Circuit::parameters() reads the trainable angles in element order. Circuit::dispatch(&params) writes a new parameter vector back into the same canonical order.

Training loop

expect_grad(&h, &circuit, &psi0) returns both the current energy and the gradient with respect to circuit.parameters().
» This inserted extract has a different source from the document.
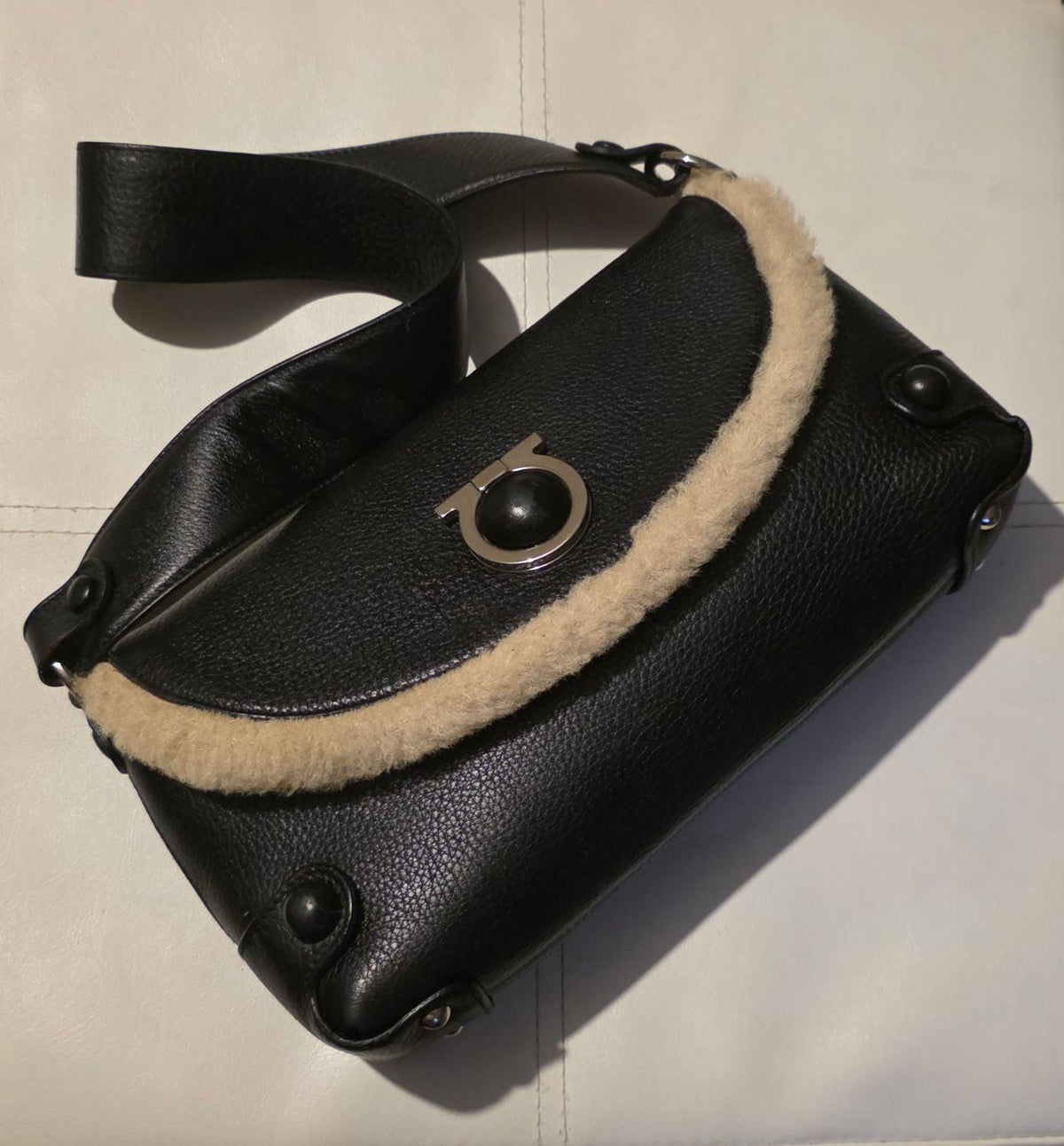 Salvatore Ferragamo black leather purse with shearling trim and Gancini hardware.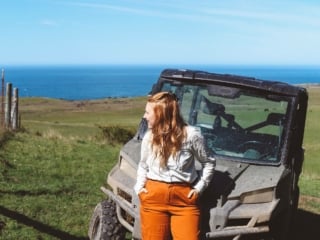 Woman in front of an ATV at Newport Ranch in Mendocino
The example keeps parameters in a plain Vec<f64>, dispatches them into the circuit before each evaluation, and then applies an SGD update.

#![allow(unused)]
fn main() {
use yao_rs::ad::expect_grad;
use yao_rs::register::ArrayReg;

let n = 4usize;
let h = heisenberg(n);
let psi0 = ArrayReg::zero_state(n);
let mut circuit = ansatz(n, 3);

let mut params: Vec<f64> = (0..circuit.num_params())
    .map(|i| 0.01 + 0.007 * (i as f64))
    .collect();

let lr = 0.05_f64;
for _step in 1..=300 {
    circuit.dispatch(&params);
    let (_energy, grad) = expect_grad(&h, &circuit, &psi0);
    for (p, g) in params.iter_mut().zip(&grad) {
        *p -= lr * g;
    }
}
}

For a complete copy-pasteable program, use the repository example:

cargo run --release --example vqe

The run prints an energy trace. On this repository’s deterministic initialization, it starts near 2.715930 and drops below -4.3 after 300 steps.

Reproducing the run

From the repo root:

cargo run --release --example vqe

Expected output has this shape:

step 0: energy = 2.715930
step 50: energy = -4.199266
step 100: energy = -4.227495
step 150: energy = -4.235043
step 200: energy = -4.242315
step 250: energy = -4.260200
step 300: energy = -4.320383

The exact last digits can vary with compiler and math-library choices, but the energy should decrease substantially over the loop.

Comparison

Yao.jl’s VQE tutorial #7 follows the same algorithmic pattern: build a Pauli Hamiltonian, prepare a parameterized ansatz, evaluate the energy, compute gradients, and update parameters with a classical optimizer.